Vulnerability Management: You should know about EPSS

Ryan McGeehan
Starting Up Security
7 min readOct 9, 2023

--

The Exploit Prediction Scoring system (EPSS) is great. You might like it, too, if you deal with large amounts of vulnerabilities.

The Hand-Wavy Explanation

The EPSS model spits out a probability of a CVE being exploited in the wild within 30 days. Give the model a CVE, and we return the probability of near-term exploitation in 30 days. That’s it, that’s all! We will discuss the details later.

Let’s take BlueKeep (CVE-2019–0708). EPSS suggests a 97.5% chance of being exploited in the wild within the next 30 days.

Most vulnerabilities (even those with CVSS High and Critical) are not exploited in the wild. This is the primary perspective offered by EPSS. The result is a risk-based model based on real-world proof of concepts and exploitation. EPSS cares about real-world exploitation.

Yes, your CVE may have a CVSS 10, but it may not be the type of vuln that sees real-world exploitation. EPSS predicts if a vuln will be seen exploited in the wild.

This makes EPSS a fantastic way to prioritize vulnerabilities at scale quickly. Under a huge pile of CVSS 9–10 vulnerabilities, an additional dimension of EPSS lets you sort them again based on near-term exploitation risk.

Want to look one up yourself? Plug any CVE into this link (replace the CVE).

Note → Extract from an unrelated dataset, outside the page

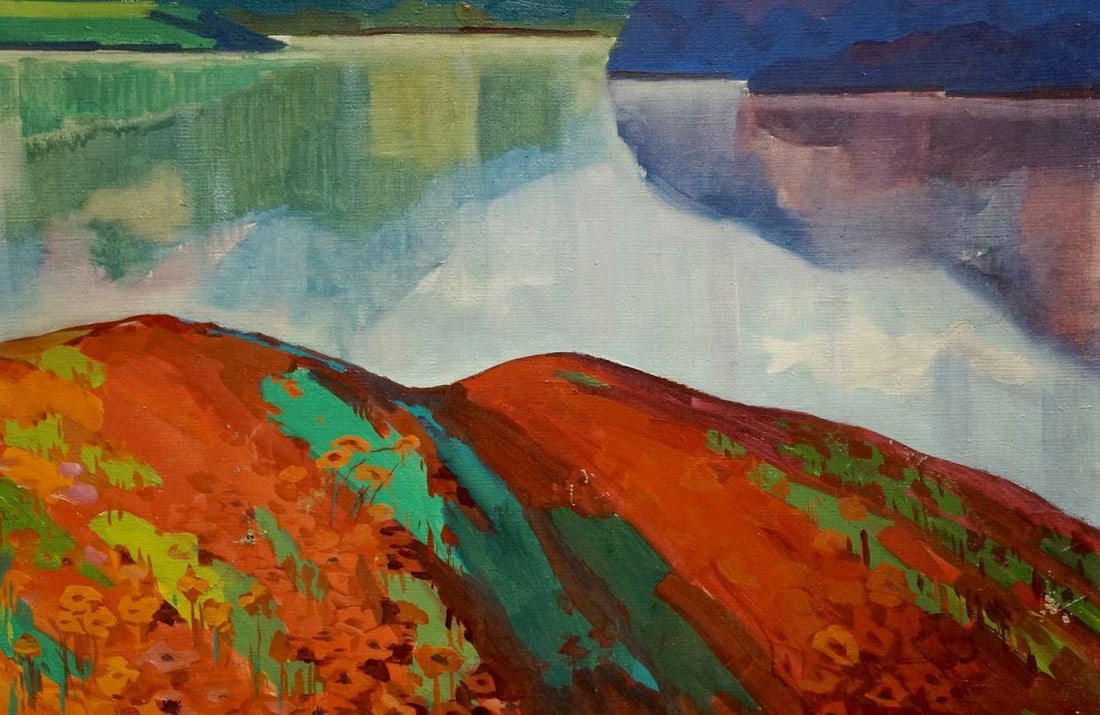 Oil painting Mountain landscape Atayan Armen Arshakovich - 5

https://api.first.org/data/v1/epss?cve=CVE-2019-0708&pretty=true

Here is the example response. We care about epss which is 0.975050000 (95.7%).

{
"status": "OK",
"status-code": 200,
"version": "1.0",
"access": "public",
"total": 1,
"offset": 0,
"limit": 100,
"data": [
{
"cve": "CVE-2019-0708",
"epss": "0.975050000",
"percentile": "0.999760000",
"date": "2023-10-03"
}
]
}

OK, where do these scores come from?

EPSS scores CVEs with a very different approach than CVSS. With CVSS, you can craft a score by hand. EPSS is fundamentally different. EPSS is statistical!

This means the maintainers of the underlying EPSS model are operationally responsible for ongoing tracking of which CVEs are exploited in the wild, exploit code availability, and so on. This is compared with the characteristics of a CVE. A predictive model is born. There’s enough vulnerability and exploit data these days to do this well.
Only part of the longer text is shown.